La Galería Nacional, cerrada
La asignación de culpas parece favorecer de momento al presidente
Estos cierres parciales han solido ser breves y de escaso impacto, salvo para los infortunados funcionarios mencionados, pero en los últimos 30 años se han producido tres instancias en las que la repercusión política fue significativa. La primera duró 25 días y se caracterizó por el enfrentamiento en 1995 y 1996 entre el presidente Clinton y el de la Cámara de Representantes, Newt Gingrich, a propósito de los amplios recortes en el gasto social propuestos por este último. La opinión pública se puso del lado demócrata, y Clinton consiguió fácilmente la reelección al año siguiente.
La segunda, que duró 16 días en el año 2013, tuvo como protagonista a la reforma sanitaria propulsada por el presidente Obama y contestada por la oposición republicana. De nuevo la opinión pública se puso del lado demócrata, y el llamado Obamacare sobrevivió prácticamente intacto. Finalmente, la tercera y de mayor duración hasta entonces (35 días) sucedió durante el primer mandato de Donald Trump y se originó en la oposición del Congreso a financiar el muro fronterizo con México. Las espadas permanecieron en alto, pero el caso es que Trump perdió las elecciones del 2020 frente a Joe Biden. En el cierre actual, la situación es un tanto paradójica.

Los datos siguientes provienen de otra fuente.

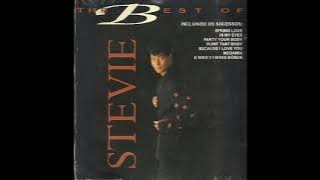 Stevie B The Best Of 1993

Con el Partido Republicano alineado incondicionalmente con el trumpismo y controlando la Casa Blanca, el Senado y la Cámara de Representantes, al margen de contar con un Tribunal Supremo en principio complaciente, a todo el poder debería corresponder toda la responsabilidad, para lo bueno y para lo malo.
Sin embargo, el blame game , la asignación de culpas, parece de momento favorecer a un presidente acostumbrado a gobernar por decreto, al que ya le va bien el parón gubernamental para seguir disciplinando a las agencias y a los funcionarios díscolos. Al tiempo, confiará en recovecos legales para encontrar la financiación de los proyectos que realmente le interesan, por ejemplo, que al Servicio de Inmigración y Control de Aduanas –ICE, en sus siglas en inglés– no le falte de nada. A su lado, las reivindicaciones demócratas, que no caduquen determinadas prestaciones de la asistencia sanitaria, no acaban de calar en la opinión pública, al menos de momento.